Jacki O writes "According to their Web site the Space Elevator company Lifport recently managed to get their platform and climbing robot to the mile-high mark over the Arizona desert." From the announcement: "A revolutionary way to send cargo into space, the LiftPort Space Elevator will consist of a carbon nanotube composite ribbon eventually stretching some 62,000 miles from earth to space. The LiftPort Space Elevator will be anchored to an offshore sea platform near the equator in the Pacific Ocean, and to a small man-made counterweight in space. Mechanical lifters are expected to move up and down the ribbon, carrying such items as people, satellites and solar power systems into space."

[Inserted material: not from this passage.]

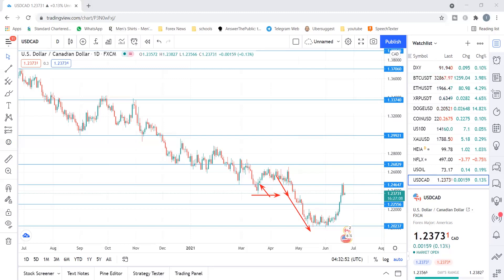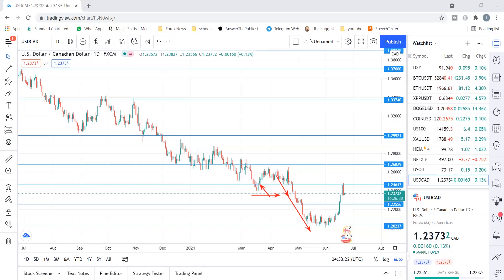So those are the five mistakes traders normally make with stop loss. As a quick recap: number one, using no stop loss; number two, using a very tight stop loss; number three, using a very wide stop loss; number four, moving your stop loss to break even too fast and getting taken out; and number five, using a mental stop loss without pulling the trigger — which is similar to not using a stop loss at all. Recognizing these mistakes and correcting them will lead to improvements in your trading.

23 of 572 comments (clear)

  1. 1 down, 61,999 to go! by lannocc · · Score: 5, Insightful

    A little progress is better than no progress.

    1. Re:1 down, 61,999 to go! by ceoyoyo · · Score: 2, Insightful

      When "duh" and "clueville" get combined in one reply it's time to put on a Barney tape and go back to playing poker with the adults. Enjoy.

  2. video by kevin.fowler · · Score: 2, Insightful

    Regardless of how many descriptions of a space elevator I read, I can not grasp a visual of the process. Anyone have a video of something like the post topic?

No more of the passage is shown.